One common situation when registering a new account with a service (say my.opera.com) is that it requires email confirmation from you to activate that account. This is part of a handshake, where both parties present their credentials and confirm who the other one is. It is also a neat way for the service to make sure that the user has a valid email (to be blocked if a troll or spammer) which is also a universally unique identification. Two independent parties will never have the same email address while they could have the same username on different services (I am "jax" here, but on other sites someone else could have taken that username).

Unfortunately as often as not the confirmation request message to make sure that the user is not a spammer will itself end up in the user's spam folder since the mail program or service can't know that the email isn't from a spammer. …

This two-way handshake isn't working and it may seem that the spammers of the world have won. However the client (that is you, or to be exact your browser) knows something the spammer can't easily know. It knows that you have requested an account. If it has told the service (in this case it would be my.opera.com) a secret and asked the service to bring it back, the client would know that the one showing the secret would do so on behalf of the server.

Say the browser sent the secret "My shiny code ring is set to owl", the service could then send a message with the header
X-HTML5-Token: My shiny code ring is set to owl
The email app could then ask the browser "I got this strange message telling me 'My shiny code ring is set to owl'. Is it spam?", to which the browser can reply, "no, no, it is meant for me". Furthermore the clever browser can, if it wishes, make the sender a contact, linking it with the web service where it sent the secret in the first place.

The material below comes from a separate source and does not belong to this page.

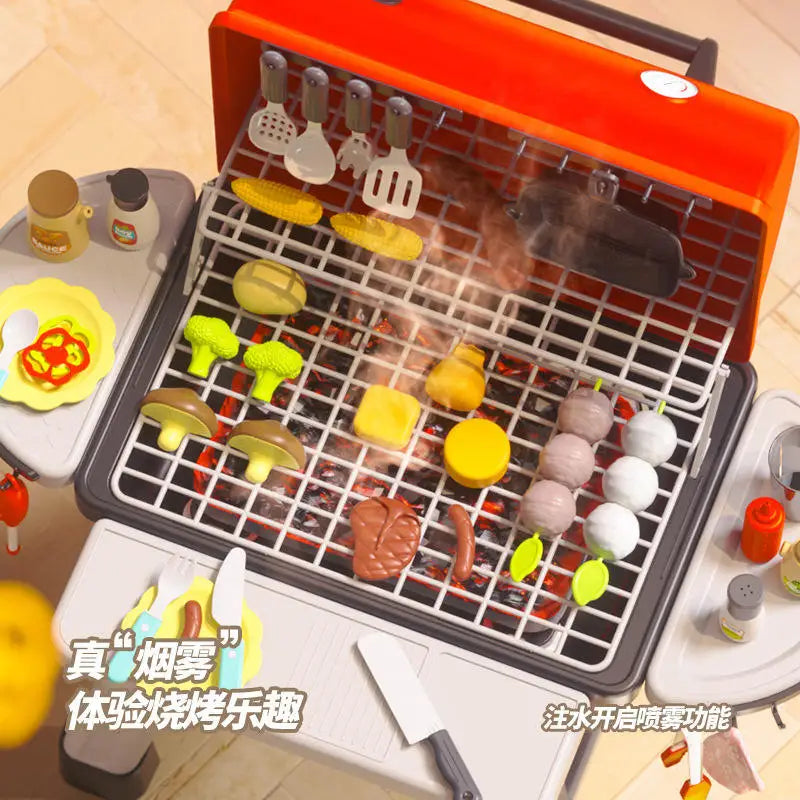 KTX-160787 41-Piece Kids Pretend Play Kitchen BBQ Grill Play Set with Double Deck BBQ and Food Accessories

This example involved an email client. It is simple in the case that the browser is also an email client. It could work with web mail if some appropriate microformat was defined so that the browser could declassify suspected spam without bothering the user. If the email client was fully isolated from the brower, or if the browser didn't speak HTML5, this wouldn't work and the user would have to rummage through the spam folder on his own.

Other web applications wouldn't use multiple protocols and thus wouldn't require multiple clients or roles. What it would require is that the browser could generate a random string of arbitrary length, send a such string when requested to by the server, and store this string until the handshake is completed or until timeout (and the handshake failed).

The one part of infrastructure missing is a way for the server to tell the browser it is expecting (and is able to handle) such a secret. This could easily be done with adding a new input type "token" (which would be a less confusing name than "secret").

<input type="token"/>

A token form value would be the converse of a password field. As a username and password identifies a client to a server, an URL and token identifies a service to a client. The same security restriction for browser handling and DOM access that applies to passwords should apply to tokens.

Strictly speaking the URL would be redundant assuming that the token was long enough and unique.

The client would need to store a record with the last token for a given URL and a time stamp for when that token was submitted.

The service will need to propagate the newest token. In the above example the service would need to email a new confirmation request for each token submitted.

The client will pick the length of the token to send. 32 bytes unencoded sounds like a nice number. It shall not be smaller than 8 bytes and not larger than 4096 bytes unless explicitly allowed to by the server. The token shall be to the best ability random and not contain recognizable substrings (e.g. there shall be no "opera" or "jax" in the string).

The server can further constrain the length by setting the 'maxlength' attribute to any value (larger than 7 bytes), including larger than 4096.

If maxlength is set to lower than the smallest acceptable length for the browser the special "ERR_TOKENLENGTH" token is sent instead and no record is stored.

The values 8, 32, and 4096 are somewhat arbitrarily selected, but are to set predictable lower and upper bounds.

Challenging tokens

It is possible to go one better. Giving passwords or tokens are fine as a way to identify yourself, but they can be intercepted by a third party. Indeed the token is often intended to be used by a third party. In the example above the web mail service or email client would know the token being passed on. For some services it would be desirable to make something safer.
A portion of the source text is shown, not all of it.